I started thinking about how great it would be if drivers did that everywhere, but here's the kind of jackassery we had to deal with in New York State at the time:
You must yield to a pedestrian, but only if they're in your half of the road! With that kind of wishy-washy law in place, I figured that nobody would ever bother to figure out if I was in their half of road, and sure enough they just cruised on by.
But then lo! The State Legislature passed a law making our crosswalks equal to those of Massachusetts and New Jersey. No more of this "IN YOUR HALF OF ROAD" bullshit.

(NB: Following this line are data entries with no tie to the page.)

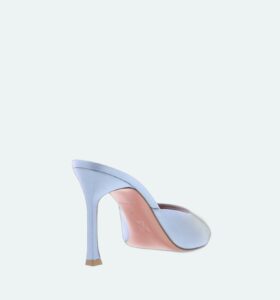 Amina Muaddi - Alexa Slipper - Satin Lilac Grey - Image 3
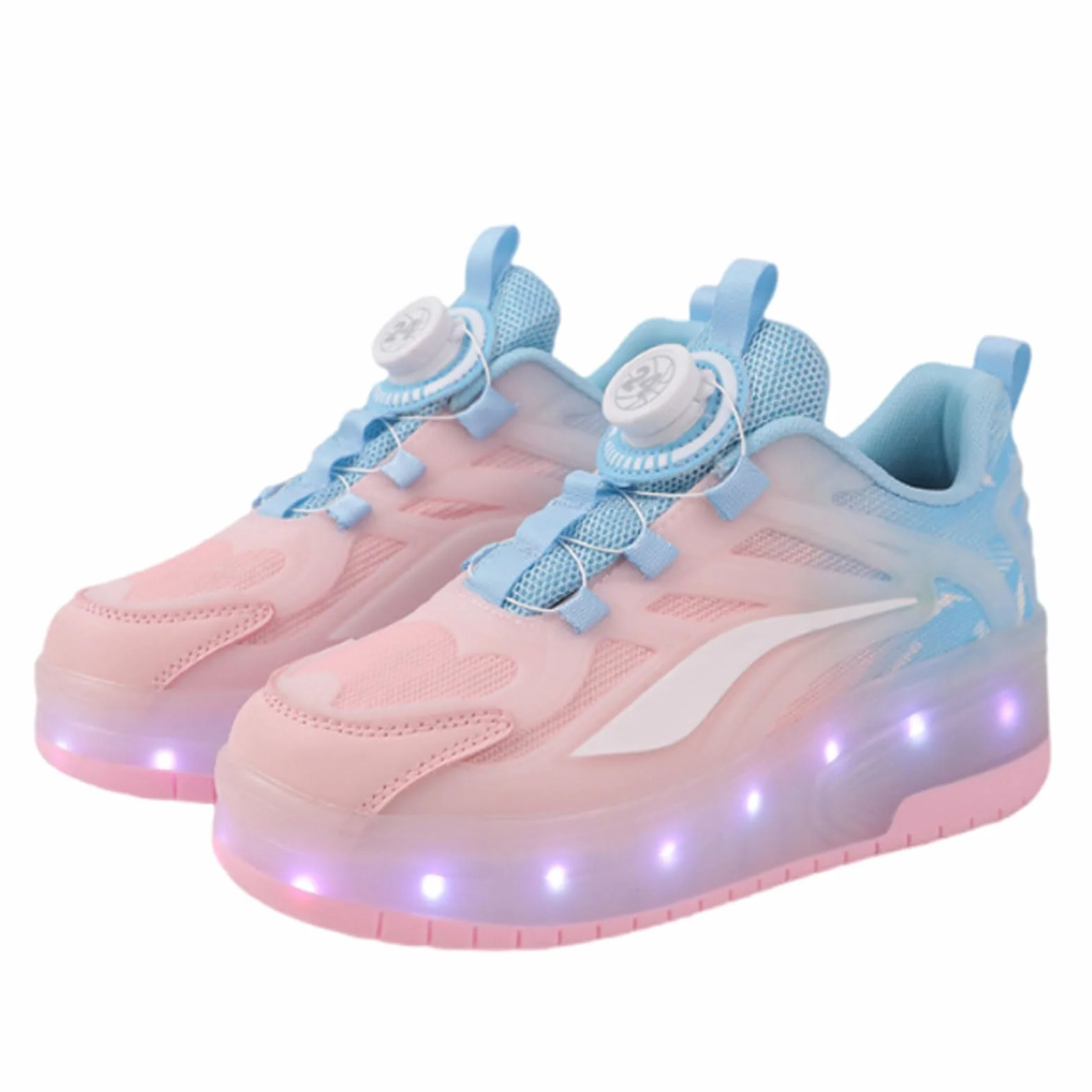 Sneakers Retrattile Doppia Ruote Scarpe con Rotelle Luce Bambina Sportive Pattini Uomo Donna LED 2 Ruote Sport all'Aria Aperta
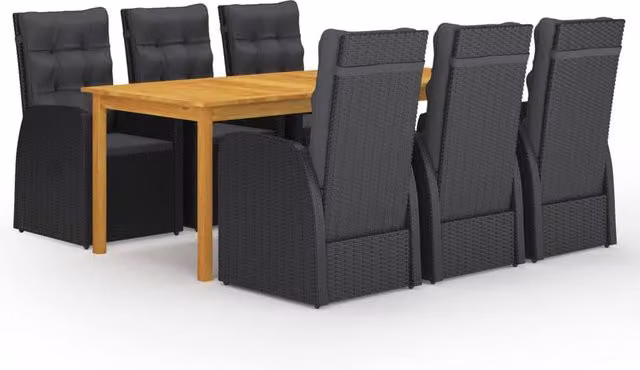 Berkfield Home 7 Piece Acacia Wood Garden Dining Set with Black Poly Rattan and Cushions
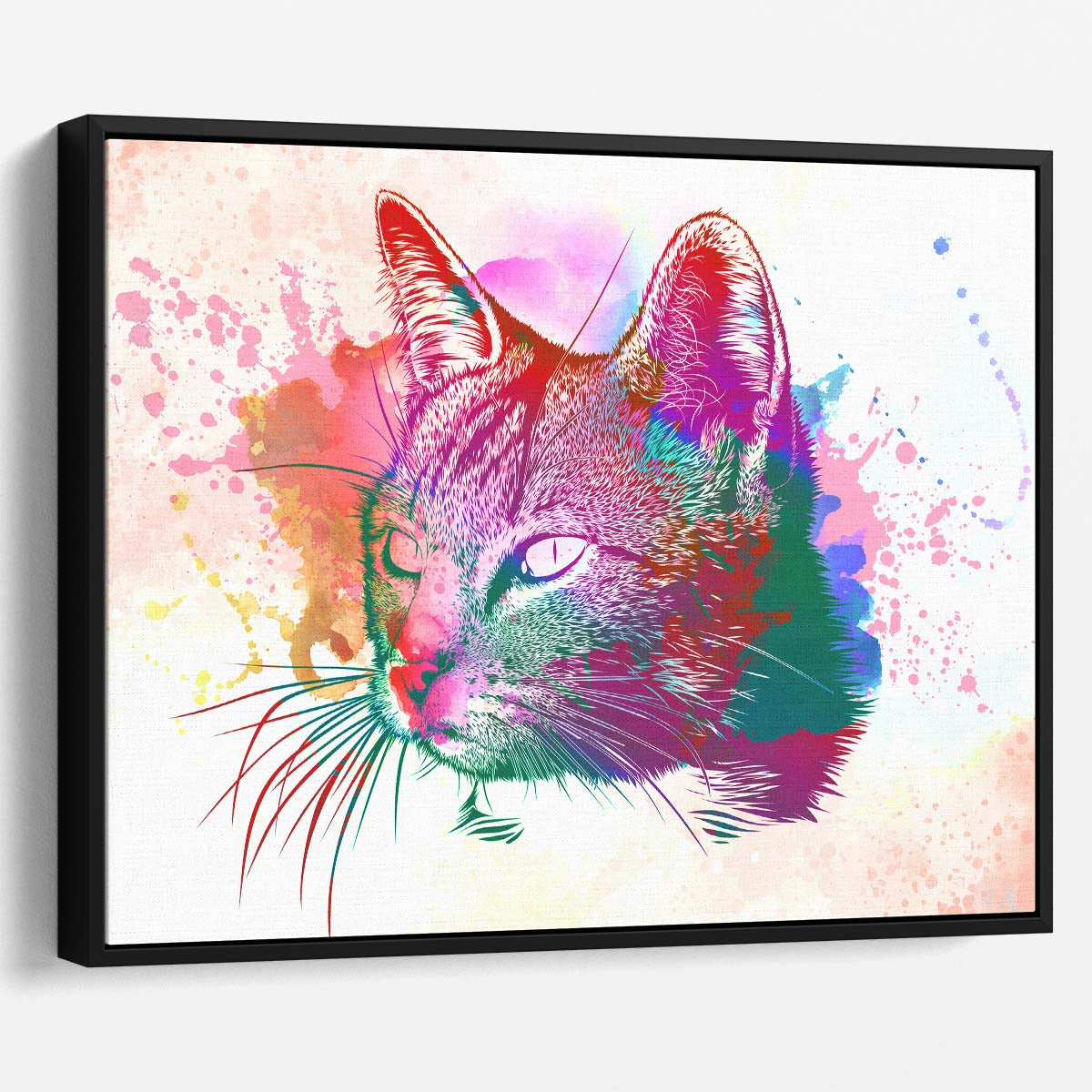 Cat Watercolor Painting Wall Art by Luxuriance Designs. Made in USA.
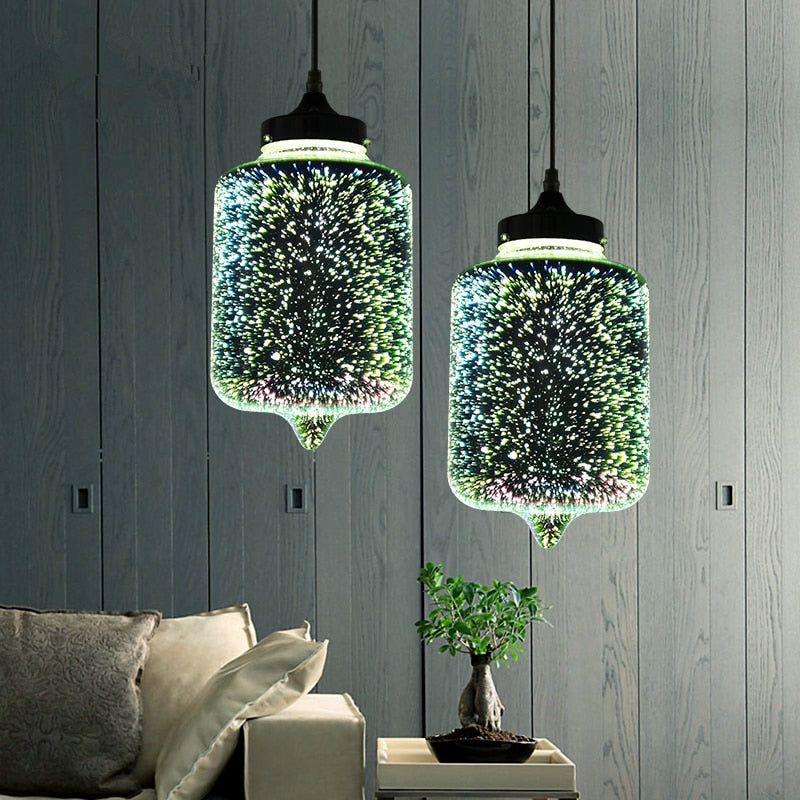 Starry Night Pendant Lights Colorful Creative Glass Lampshade Hanging Lights With Creative Color Effect Modern Home Lighting Solution For Home Restaurant Bar etc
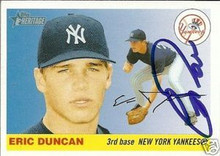 Eric Duncan Signed Yankees 2004 Topps Heritage Card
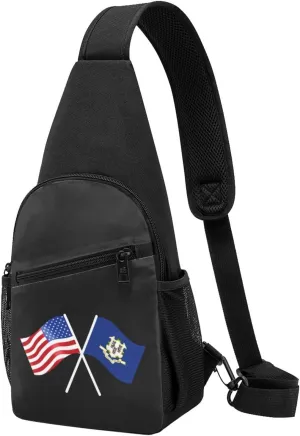 American And Connecticut Flag Chest Pack Leisure Shoulder Crossbody Chest Bag
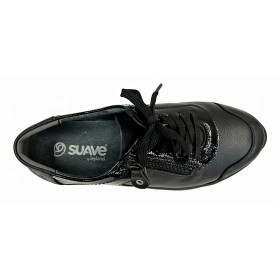 SUAVE 70 3302 Cinder Negro, horma ancha, piel y charol, velcro, cremallera, plantilla extraíble y piso de goma con cuña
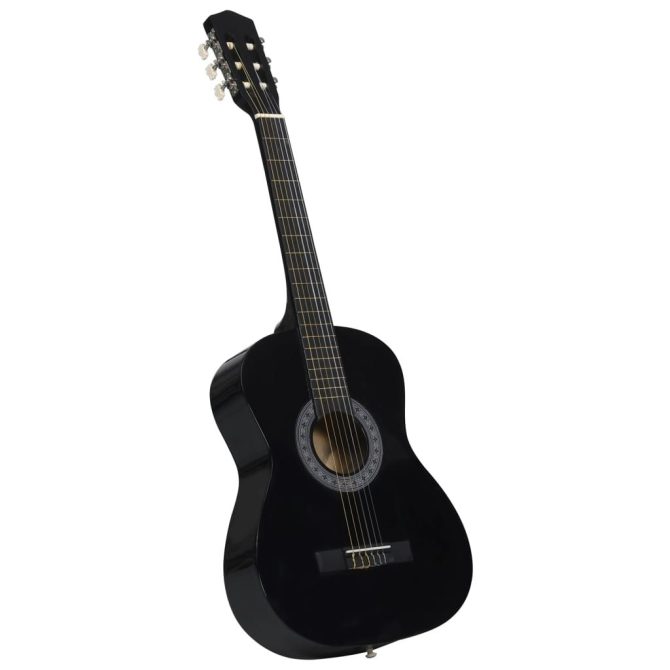 8 Piece Classical Guitar Beginner Set Black 3/4 36" - Image 5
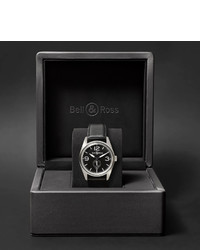 schwarze Lederuhr von Bell & Ross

That was the time that I really could have used this law, because I moved to Queens right around then. Most of the intersections here in Queens are what they call "unsignalized," where two streets cross and only one has stop signs. If there are only cars, the cars on the street without signs just cruise right through while the drivers on the other street stop. If pedestrians try to cross a street without stop signs, the drivers just barrel on through the same way. You can wait five minutes at one of these crosswalks during rush hour.
With this law, though, I could just step into the crosswalk and they'd have to stop! But what counts as a crosswalk? Unlike the crosswalks in, say, Great Barrington, there was no paint in some of these intersections. None. If it doesn't have the zebra stripes, do drivers have to stop?
According to the law, they do. In New York State, if there's a line of sidewalk broken only by the street, then the space in the street where the sidewalk would be is a crosswalk. It doesn't matter if there are zebra stripes or no paint at all. The only thing that can make it not a crosswalk is one of those signs that say "NO PED X-ING."
With that in mind, I promptly marched up to the unsignalized intersection on my corner and started to cross. The driver didn't stop. I was smart enough to pull back before I got creamed. It was clear that just changing the law was not enough.